Après un nouveau suicide: les infirmières continuent à crier leur malaise

Paris, le lundi 6 février 2017 – Un peu plus d’un an après le suicide d’un cardiologue, le professeur Jean-Louis Mégnien, l’Hôpital européen Georges Pompidou (HEGP) est de nouveau le théâtre d’un drame. Un infirmier (qui n'était pas de service à ce moment) s’y est défenestré, dans la nuit de samedi à dimanche, comme vient de le confirmer l’Assistance publique/hôpitaux de Paris (AP-HP). Un comité d’hygiène, de sécurité et des conditions de travail (CHSCT) doit se tenir aujourd’hui en présence du patron de l’AP-HP. Alors que les conditions de travail et l’influence néfaste des pressions managériales au sein de l’HEGP ont déjà été lourdement dénoncées tout au long de l’année 2016, ce nouveau suicide devrait sonner comme une terrible piqûre de rappel, même si on ignore à cette heure la part de la dimension professionnelle dans le passage à l’acte de cet homme.

Travail à la chaîne

Cette mort fait néanmoins écho aux tristes observations de Charline, infirmière à l’origine du blog C’est l’infirmière qui dans le texte d’un manifeste qui vient d’être lancé remarque amère : « Il y aura toujours des infirmières pour remplacer celles qui se tuent, celles qui s’arrêtent, celles qui s’épuisent » et qui poursuit : « Les récents suicides d’infirmiers en sont la preuve, aujourd’hui on meurt parfois de vous soigner ». Au côté de Charline, trois autres infirmières, Corinne (à l’origine du blog La seringue atomique), Myriam (dont le blog est La petite infirmière) et Peggy (auteur de Les petites histoires de Mlle Peggy), signent le manifeste des 600 000, destiné à mettre en lumière les difficultés quotidiennes des infirmières, quel que soit leur mode d’exercice. Le manifeste met en effet en avant quatre témoignages, d’un étudiant, d’une infirmière dans une petite clinique privée, d’une infirmière libérale et d’une infirmière hospitalière qui toutes partagent la même fatigue et la même inquiétude pour l’avenir.

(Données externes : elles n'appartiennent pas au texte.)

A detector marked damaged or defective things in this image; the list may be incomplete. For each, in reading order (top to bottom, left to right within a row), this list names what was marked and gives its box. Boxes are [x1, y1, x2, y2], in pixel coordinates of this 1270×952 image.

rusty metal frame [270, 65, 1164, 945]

Le jeune étudiant constate ainsi par exemple que durant sa formation il a « eu le sentiment confus de boucher des trous, de colmater des brèches, de plâtrer du mieux que je pouvais et ce, avec un professionnalisme plus qu’hasardeux ». De son côté, Juliette, infirmière dans une clinique de province marque combien les conditions de travail actuelles mettent en péril la sécurité des patients et attisent les angoisses des infirmières. « Tous les jours, j’ai peur de me tromper, de commettre l’irréparable parce que soigner dans les conditions actuelles ressemble davantage à du travail à la chaîne » indique-t-elle. Pour sa part, Lou, infirmière libérale évoque son activité quasi quotidienne, où le repos est exclu, tandis que sa rémunération ne connaît aucune évolution. « Quinze ans à recevoir des honoraires dont le prix moyen est de cinq euros et qui n’a quasiment pas augmenté depuis trente ans », résume-t-elle.

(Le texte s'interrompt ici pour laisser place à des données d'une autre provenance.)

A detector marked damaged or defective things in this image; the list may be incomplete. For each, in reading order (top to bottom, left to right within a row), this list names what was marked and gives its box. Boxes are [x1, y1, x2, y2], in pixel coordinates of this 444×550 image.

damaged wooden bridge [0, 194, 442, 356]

François Fillon, cible de toutes les colères

Ce manifeste est une nouvelle tentative de sensibilisation de l’opinion publique et plus encore des autorités au malaise destructeur aujourd’hui éprouvé par toutes les infirmières. Il s’inscrit dans une dynamique qui voit les récents soubresauts de la campagne présidentielle utilisés par beaucoup pour dénoncer les écarts abyssaux entre les traitements des uns et des autres. Ainsi, une infirmière a-t-elle fait ce week-end le "buzz" en dénonçant sur Facebook dans une lettre ouverte la différence certaine entre ce qu’elle perçoit chaque mois en soignant les Français et ce que François Fillon et sa famille ont éventuellement gagné indument.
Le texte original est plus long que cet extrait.